Diabetes
- Discipline: Diabetes
- Language: English
- Edited by: David A. D'Alessio

Publication details
- Former name(s): Proceedings of the American Diabetes Association; Diabetes Abstracts
- History: 1952-present
- Publisher: American Diabetes Association (United States)
- Frequency: Monthly
- Impact factor: 9.337 (2021)

Standard abbreviations
- ISO 4: Diabetes

Indexing
- CODEN: DIAEAZ
- ISSN: 0012-1797 (print) 1939-327X (web)
- LCCN: 55058482
- OCLC no.: 01566563

= Diabetes (journal) =

Diabetes is a monthly peer-reviewed medical journal published since 1952 by the American Diabetes Association. It covers research about the physiology and pathophysiology of diabetes mellitus including any aspect of laboratory, animal or human research.
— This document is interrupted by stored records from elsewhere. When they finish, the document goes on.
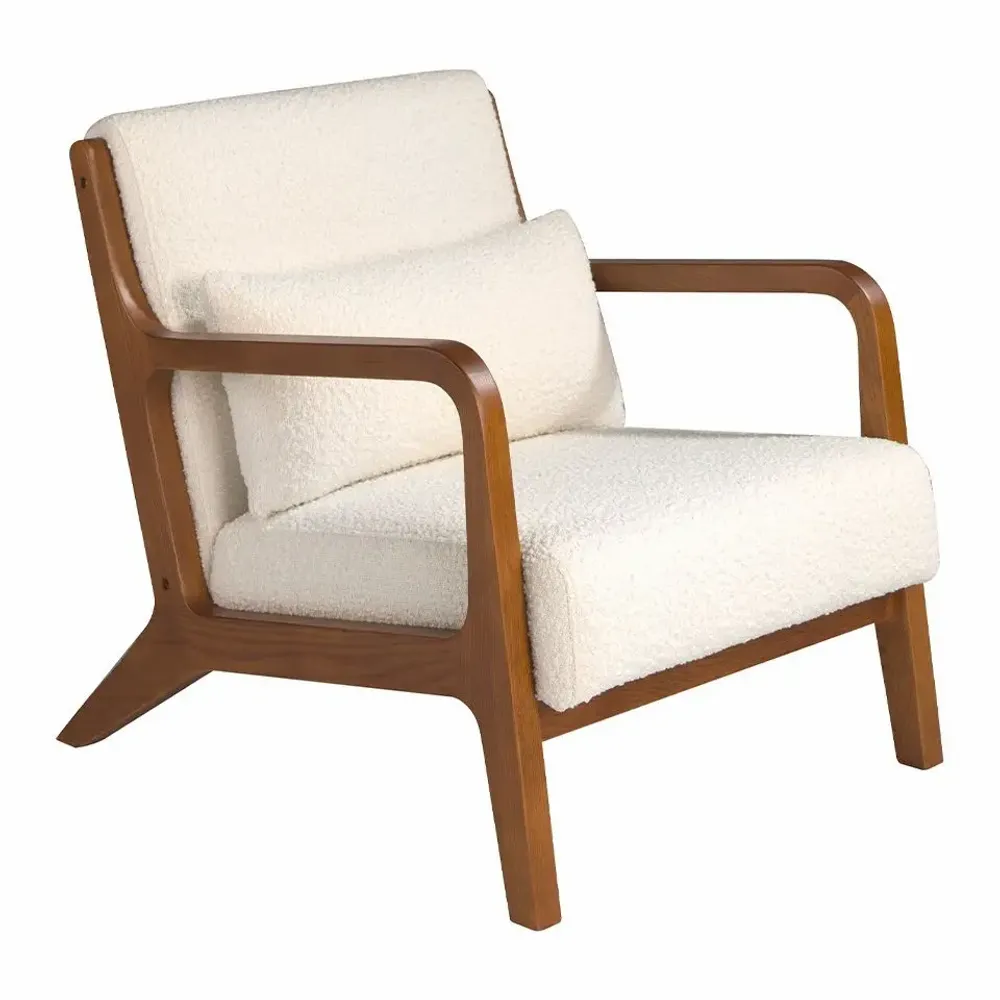 Fauteuils - Fauteuil tapissé en tissu et noyer - ANGEL CERDÁ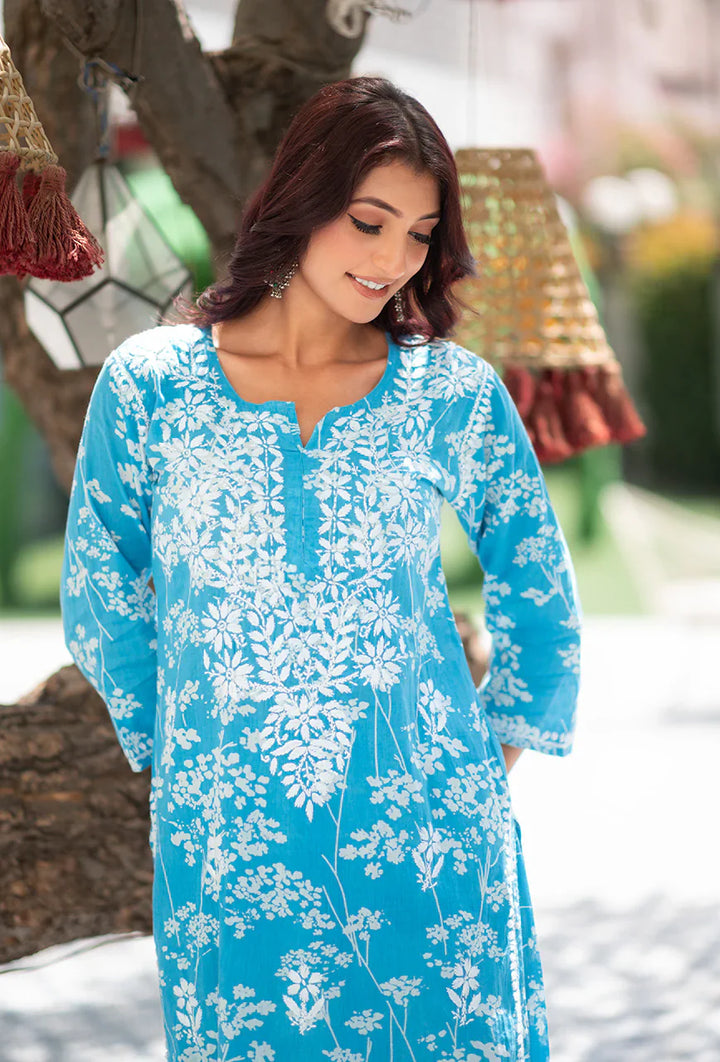 Bella-Blue-Mulmul-Three-Fourth-Sleeves-2-Piece-Kurta-Set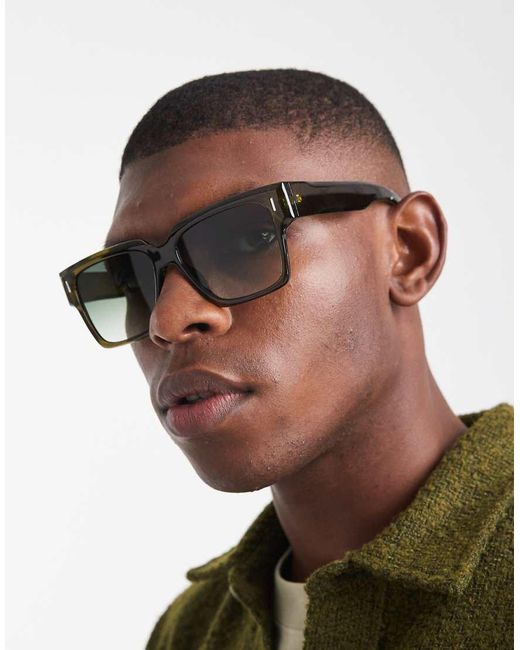 ASOS Brown Square Sunglasses With Lens And Crystal Frame for men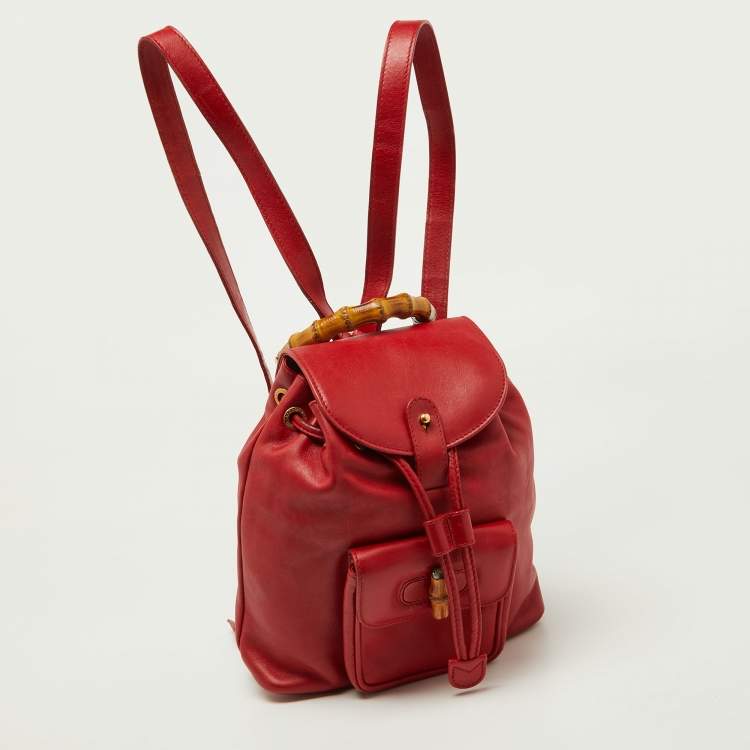 Pre Owned Gucci Red Leather Mini Vintage Bamboo Handle Backpack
The Emphasis is on investigative reports focusing on areas such as the pathogenesis of diabetes and its complications, normal and pathologic pancreatic islet function and intermediary metabolism, pharmacological mechanisms of drug and hormone action, and biochemical and molecular aspects of normal and abnormal biological processes. Diabetes also publishes abstracts presented at the ADA's annual meeting, Scientific Sessions, as a supplement.

According to the Journal Citation Reports, the journal has a 2021 impact factor of 9.337, and a 5 years impact factor of 10.509 ranking it 8th out of 240 journals in the category "Endocrinology, Diabetes & Metabolism".